心平也顧不了那麼多,跪着走到祝烽的跟前抓着他的衣角道:“父皇,父皇你千萬不要怪罪他們,都是兒臣不好。”

“什麼?”

祝烽驚訝的看着他,連一旁剛剛回稟完事情的陳玄也感到莫名其妙,說道:“小殿下,你這是做什麼?”

這一下,南煙心裡有些回過神來。

剛剛陳玄說的,肯定不是這寺里的飢民。

但為時已晚,祝烽一看心平的樣子,再看着周圍那些跪在地上瑟瑟發抖的和尚,立刻明白中間肯定有什麼說岔了,而這些人是在隱瞞自己。於是臉色沉了下來,道:“你們到底在搞什麼鬼?”

說著,轉頭看向南煙:“給朕說清楚!”

這個時候再要隱瞞下去,那就不是欺君之罪那麼簡單了,南煙只能上前,一五一十的將剛剛發生的事情說了出來,祝烽越聽眉頭擰得越緊,而一旁的陳玄也是漸漸臉色發白,低下頭去。

等到南煙說道,祝烽的臉都青了。

他沉聲罵道:“混賬東西!”

這個時候,別的人哪裡敢接話,不管是陳玄還是釋空,全都跪拜在地不敢抬頭,生怕皇帝盛怒之下,那帝王刀落下來就不知道要砍到誰的脖子上。

而這時,也只有南煙開口,她也跪在地上,輕聲說道:“皇上恕罪,妾並不敢欺君。只是——只是妾知道皇上今日特地入重恩塔祭祀高皇帝與仁孝皇后,實在不想讓這樣的事情來擾了皇上。原本,妾也是打算等回宮之後,要跟皇上說清楚的,皇上若要怪罪,就責罰妾吧。”

聽見她這麼說,祝烽的氣息才稍稍的軟化了一點下來。

心平也說道:“父皇,不關母妃的事,都是兒臣不好。”

祝烽沉沉的出了一口氣,道:“你們也不用急着領罪,等晚些時候,朕自然會一件一件跟你們算清楚。”

他這話的意思就是,現在並不會立刻責罰任何人。

一聽這話,南煙頓時鬆了口氣。

祝烽又看向釋空:“人在哪兒?”

釋空和尚低着頭道:“人,都在二門外的一條長廊里。”

祝烽微微眯了一下眼睛,道:“既然你這麼大的本事收容這些人,那就索性讓你管到底,但你聽着,餓死一個,朕唯你是問;若是讓他們走到大街上去四處亂說——說一句,朕就割你們大慈恩寺一條舌頭。你自己算算,有多少舌頭可以割的。”

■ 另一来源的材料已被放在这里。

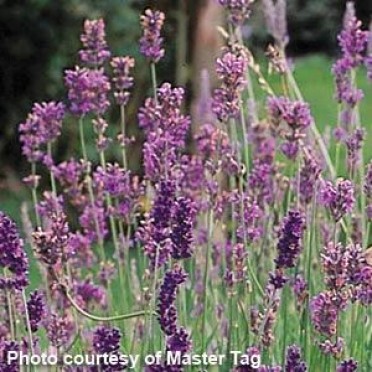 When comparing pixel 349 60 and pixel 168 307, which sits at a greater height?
pixel 349 60

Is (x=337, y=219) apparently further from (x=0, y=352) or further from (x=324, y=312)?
(x=0, y=352)

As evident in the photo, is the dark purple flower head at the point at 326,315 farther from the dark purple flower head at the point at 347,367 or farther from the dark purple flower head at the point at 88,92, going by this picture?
the dark purple flower head at the point at 88,92

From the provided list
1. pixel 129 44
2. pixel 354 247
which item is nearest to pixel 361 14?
pixel 129 44

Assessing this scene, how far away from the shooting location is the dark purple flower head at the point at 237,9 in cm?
284

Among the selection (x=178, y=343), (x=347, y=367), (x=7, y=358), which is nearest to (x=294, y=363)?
(x=347, y=367)

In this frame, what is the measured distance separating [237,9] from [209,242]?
654mm

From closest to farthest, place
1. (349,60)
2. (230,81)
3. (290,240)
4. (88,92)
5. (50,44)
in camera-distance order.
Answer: (290,240) → (230,81) → (88,92) → (349,60) → (50,44)

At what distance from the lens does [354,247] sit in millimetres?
2186

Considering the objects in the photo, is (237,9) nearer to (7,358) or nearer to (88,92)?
(88,92)

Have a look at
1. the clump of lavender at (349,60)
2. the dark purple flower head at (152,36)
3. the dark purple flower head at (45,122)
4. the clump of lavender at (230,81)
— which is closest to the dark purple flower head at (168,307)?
the clump of lavender at (230,81)

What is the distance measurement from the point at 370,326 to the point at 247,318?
1.14ft

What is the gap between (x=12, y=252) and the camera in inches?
82.3

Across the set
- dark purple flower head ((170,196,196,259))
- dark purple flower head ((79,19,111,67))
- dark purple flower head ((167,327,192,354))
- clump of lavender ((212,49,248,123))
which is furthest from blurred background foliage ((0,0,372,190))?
dark purple flower head ((167,327,192,354))

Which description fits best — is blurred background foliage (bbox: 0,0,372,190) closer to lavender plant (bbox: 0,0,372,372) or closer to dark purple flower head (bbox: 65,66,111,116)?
lavender plant (bbox: 0,0,372,372) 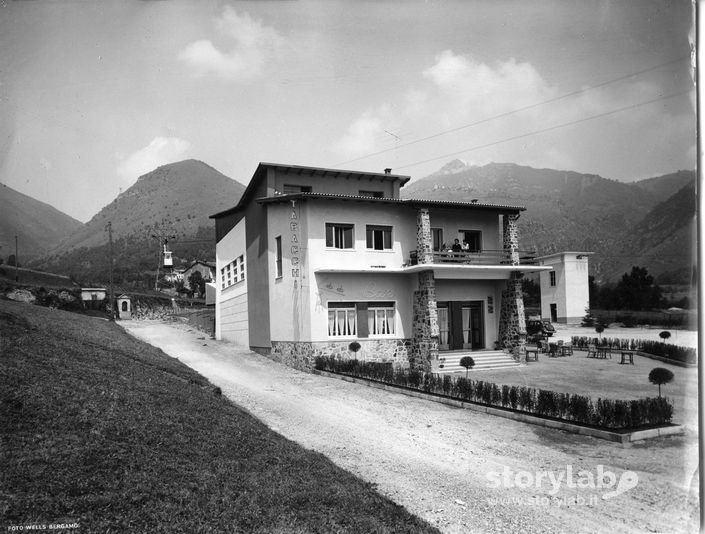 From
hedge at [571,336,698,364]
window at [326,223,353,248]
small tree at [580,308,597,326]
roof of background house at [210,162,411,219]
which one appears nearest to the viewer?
hedge at [571,336,698,364]

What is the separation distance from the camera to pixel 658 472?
5543mm

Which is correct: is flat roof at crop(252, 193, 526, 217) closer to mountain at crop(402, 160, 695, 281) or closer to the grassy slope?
mountain at crop(402, 160, 695, 281)

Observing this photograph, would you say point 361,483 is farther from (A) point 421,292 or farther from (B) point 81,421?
(A) point 421,292

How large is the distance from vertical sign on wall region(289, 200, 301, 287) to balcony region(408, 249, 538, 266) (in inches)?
197

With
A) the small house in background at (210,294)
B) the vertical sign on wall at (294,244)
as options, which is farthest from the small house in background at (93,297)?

釋空急忙磕頭道:“貧僧一定會管好他們,不讓他們四處亂走。”

祝烽這才一揮袖,往外走去:“先回宮,回宮再說!”

眾人哪敢怠慢,都紛紛跟了上去。

南煙一邊往外走,一邊蹙眉沉思着,那很顯然,剛剛陳玄稟報的所謂“飢民”的事並不是這大慈恩寺里的事情,那又是什麼地方出事了呢?

她想了想,回頭對着身後的得祿使了個眼色。

得祿也機靈,立刻放緩了腳步,偷偷摸摸的退到了陳玄的身邊,輕聲問道:“陳大人,到底出什麼事了?”

陳玄一看,就知道是貴妃讓人來問。

若是尋常,斷沒有貴妃派人來問大臣前朝的事情的道理,但他心裡很明白這位貴妃娘娘的身份地位與別不同,雖然不合規矩,但他也低聲說了,得祿聽得嚇了一跳,也不敢多說什麼,點點頭便又重新回到了南煙身邊。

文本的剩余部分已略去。